Firearms at a gun shop in Pompano Beach, Fla. The Senate is expected Wednesday… (Getty Images, Joe Raedle )
WASHINGTON — After four months of debate and maneuvering, the Senate headed for a showdown over gun control — a series of back-to-back votes on rival plans Wednesday afternoon that could end in the collapse of the entire effort.
The impending climax, after weeks of inconclusive negotiations, came as gun control supporters tried, without apparent success, to get enough senators to commit themselves to a compromise reached last week by Sens. Joe Manchin III (D-W.Va.) and Patrick J. Toomey (R-Pa.). Their proposal, which would expand the background check requirement for gun buyers, appears to have support of a majority of the Senate, but so far has fallen short of the 60 votes needed to block a filibuster.
Under the procedure announced late Tuesday by Senate Majority Leader Harry Reid (D-Nev.), the background check measure would be put to a vote, followed by eight other proposals, all cast as amendments to the gun control package that the Senate has been considering. The amendments to be voted on include several backed by the National Rifle Assn. to expand the rights of gun owners, as well as the assault weapons ban proposed by Sen. Dianne Feinstein (D-Calif.).
Reid decided to put the amendments to a vote because "it's clear that there's not much point in negotiating any further," a Senate Democratic leadership aide said. "We'll see where the votes are."
Although the background check measure has fallen short in tallies by both sides, the multiple amendments could provide an opportunity for changing crucial votes, the aide said. Democratic senators from conservative states or Republicans who have been on the fence about gun control could vote for some of the NRA-backed amendments in hopes of obtaining political cover for a vote in favor of background checks, the aide said. They would do so knowing that none of those measures were likely to hit the 60-vote threshold.

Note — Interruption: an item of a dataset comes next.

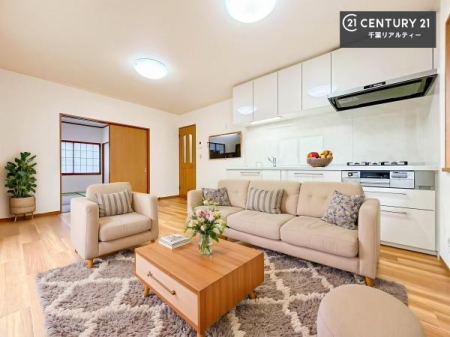 ���r���O �Ƌ��CG�p�[�X�ł��B��؂ȉƑ����W�܂邩�炱��LDK�ɂ͂�����肽���B
�q�����������C�ɏ΂��Ȃ��瑖�����Ă���p�����������u�L���Ƃɂ��ėǂ������v�Ǝv���u�Ԃł��B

In addition, Democratic vote counters think the high-stakes showdown could generate additional public pressure in favor of the gun measures.
But despite those possibilities, the move clearly represented a high-risk strategy on Reid's part. Earlier in the day, Sen. Charles E. Schumer (D-N.Y.), who has led the gun control effort in the Senate, said that "a little more time" would be helpful.
So far, only two other Republicans — Sens. Susan Collins of Maine and Mark Steven Kirk of Illinois — have joined Toomey in supporting the background check measure. A few others, including Sens. John McCain of Arizona and Lisa Murkowski of Alaska, have said they remain undecided. Several Democrats who face reelection in conservative states, including Mark Begich of Alaska and Max Baucus of Montana, also have not taken sides.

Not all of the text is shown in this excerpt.